Cette commode présente une forme habituelle pour Wolff au milieu du XVIIIe siècle avec sa caisse bombée à deux tiroirs sans traverse, reposant sur des pieds cambrés, et recouverte de vernis européen façon de la Chine mis en valeur par une belle ornementation de bronze doré.

Afin de mettre en valeur le laque venu d’Extrême-Orient, l’ébéniste le traite avec respect et le fait compléter par un encadrement de vernis Martin noir uni. Il fait dessiner des contours dorés autour des panneaux  plaqués sur le meuble, ne met pas trop de bronzes sur la face pour ne pas couvrir les sujets principaux du vernis et fait laisser la part belle aux aplats de vernis noir sur les parties les plus fragiles du meuble, pour protéger les parties décorées en leur épargnant les bords de la caisse.

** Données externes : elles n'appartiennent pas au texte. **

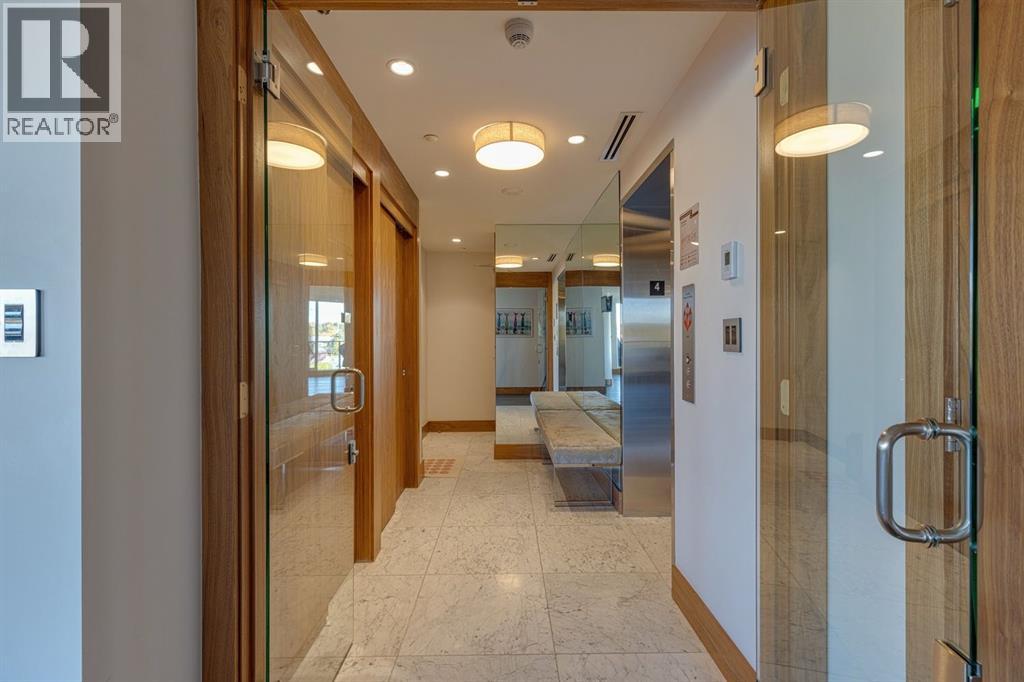 412, 738 1 Avenue SW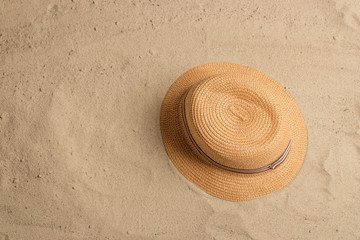 Fototapeta na wymiar Straw hat on the sand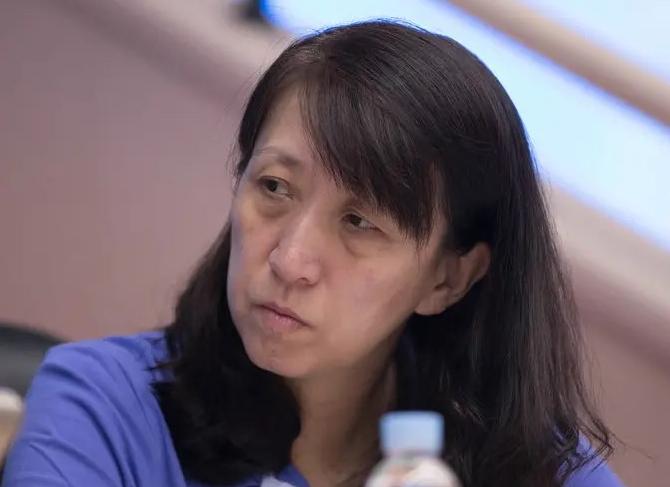 家门口翻船！中国女排2-3惜败泰国丢奥运门票，赖亚文的回应戳中痛点。天津奥体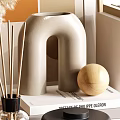 Modern Decorative Ornament Set With Pampas Grass Crystal Vase Reed Diffuser Candle And Neutral Tones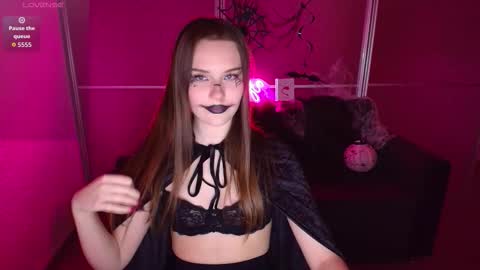 elenaoconar online show from 10-31-25, 10:44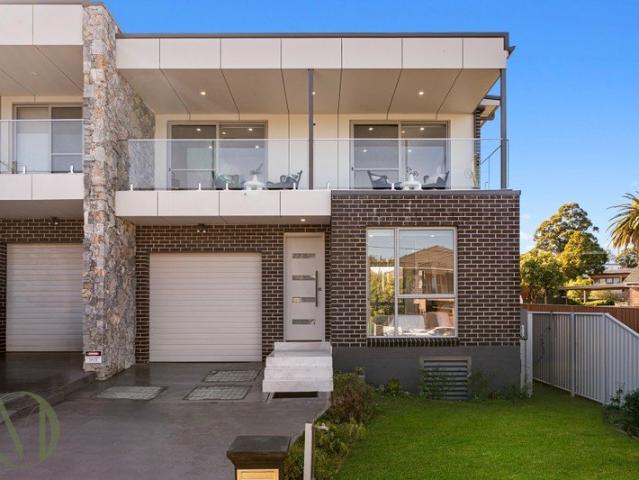 Luxury Family Living in One of Dundas' Most Sought After Locations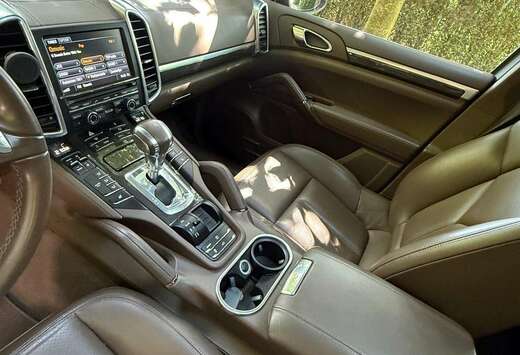 Porsche 3.0 D V6 Tiptronic S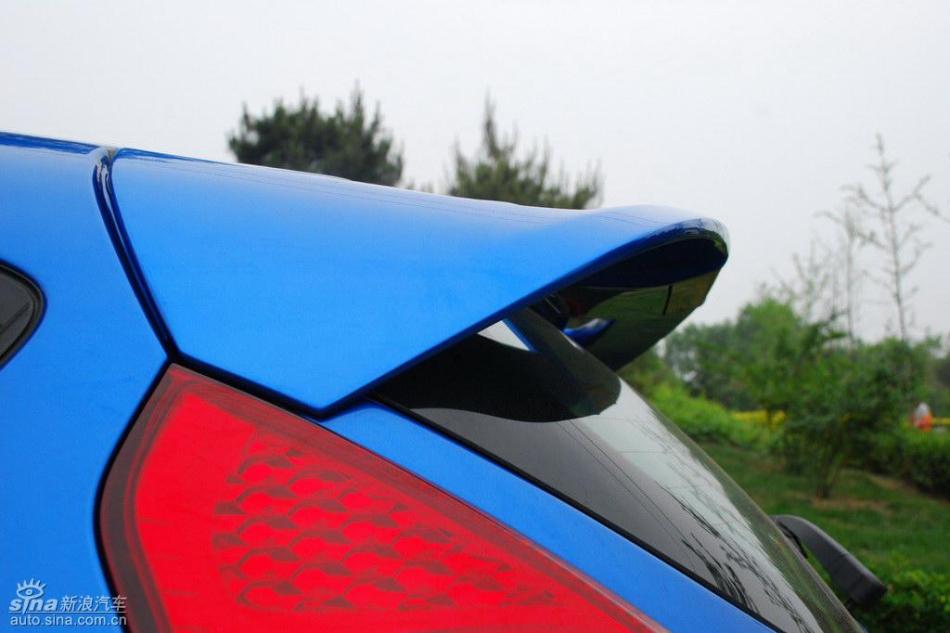 新嘉年华两厢手动运动型外观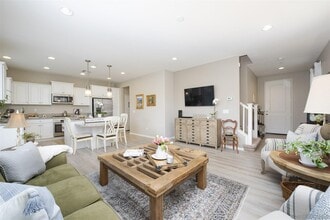 558 Moonlight Dr in San Marcos, CA - Building Photo - Building Photo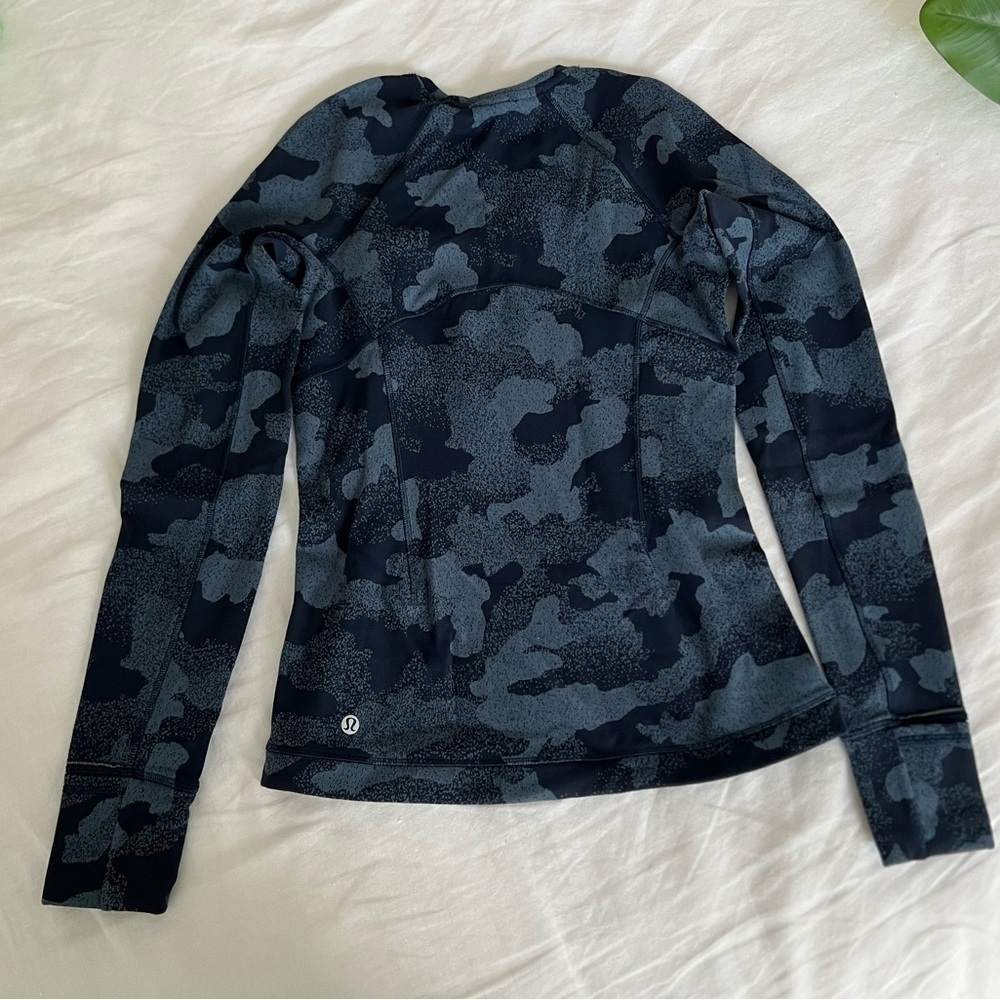 Lululemon Women's Blue/Black Camo Long Sleeve Rulu Run Top Size 4 - Picture 2 of 5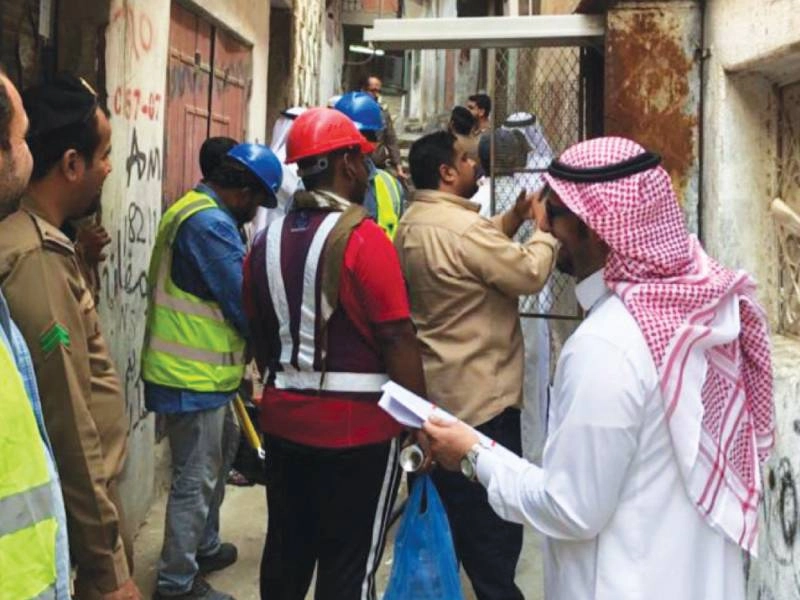 من أعمال فصل الكهرباء عن العقارات المزالة (مكة)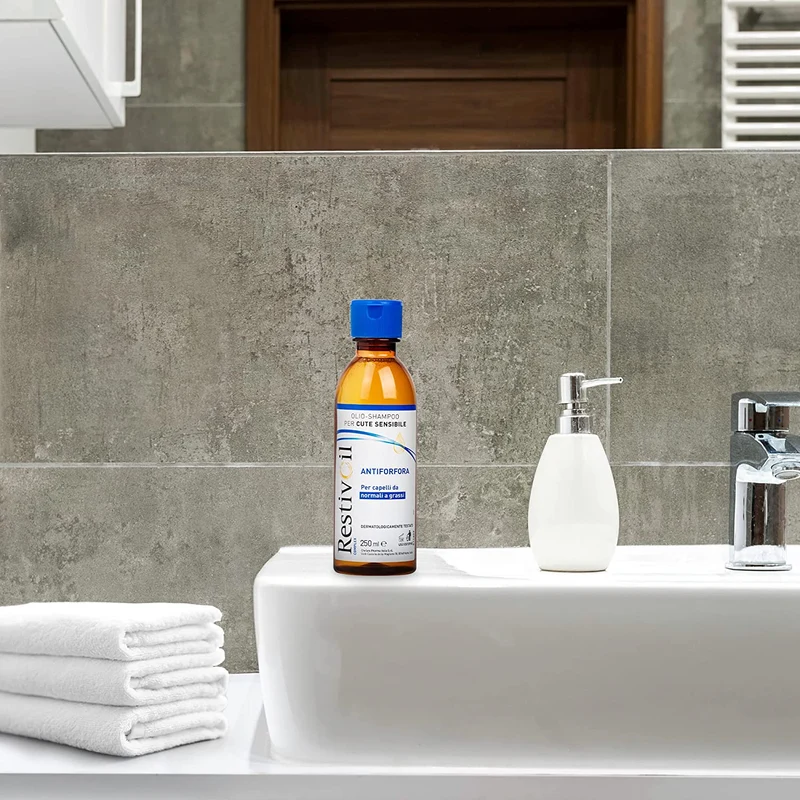RestivOil Complex Shampoo Antiforfora per Capelli da Normali a Grassi, Olio Fisiologico con Azione Antiseborroica e Anti Prurito, 250 ml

Afin de remplacer certains bronzes, le décor contourné d’or évoque des chutes et des baguettes de bronze doré.


Christophe Wolff

Christophe Wolff, originaire d Allemagne, passa sa maîtrise en 1755 après avoir travaillé comme simple ouvrier puis comme artisan libre. Il exerça pendant une vingtaine d’années rue de Charenton et transféra son atelier rue Neuve-Saint-Denis où il résida jusqu’à la Révolution. Sans originalité particulière, sa production fut abondante et son travail de très bonne qualité. Il pratiquait sur ses meubles, pour la majeure partie de style Louis XV ou Transition, une marqueterie des plus raffinées, marqueterie d’attributs de la musique, de grandes fleurs et de branchages, de paysages ou de scènes chinoises. Ses talents étaient également reconnus pour l’exécution de meubles « à mécanique « qui font partie de ses très bons ouvrages. Il utilisait parfois, pour l’ornementation de ses meubles de style Louis XV, des vernis européens dans le goût d’extrême Orient ou des laques venus du bout du monde comme c’est ici le cas.

 

Les laques de Chine et du Japon

Après avoir importé des coffres, des cabinets et des paravents d’Asie pour les vendre tels quels, les marchands-merciers eurent l’idée de les démembrer et de les découper en prélevant leurs panneaux

de laque pour orner les meubles occidentaux. Le marchand-mercier se chargeait de livrer le matériau à l’ébéniste dont le rôle était de le déposer sur le bâti du meuble en guise de parure. L’ébéniste découpait les panneaux des laques en deux dans l’épaisseur (les panneaux étaient très souvent double face) puis avec un rabot il les affinait pour pouvoir les plaquer sur le bâti du meuble comme une marqueterie traditionnelle. Les panneaux de laque étaient le plus souvent maintenus à l’aide de bronzes dorés souvent très travaillés. Les parties du meuble non ornées de laque étaient peintes d’un vernis (vernis Martin) pour mettre en valeur ou pour harmoniser les champs extérieurs avec le panneau central en laque oriental, ce qui donnait l’illusion d’un meuble entièrement en laque. Cette technique était aussi utilisée par les ébénistes comme procédé de substitution pour imiter les laques véritables quand ils ne pouvaient employer des laques d’origine, car ces laques -particulièrement ceux provenant du Japon- étaient très rares et donc onéreux, et de ce fait, réservés aux ébénistes les plus doués de leur génération, tels que B.V.R.B, Martin Carlin, Jean Desforges ou Adam Weisweiler.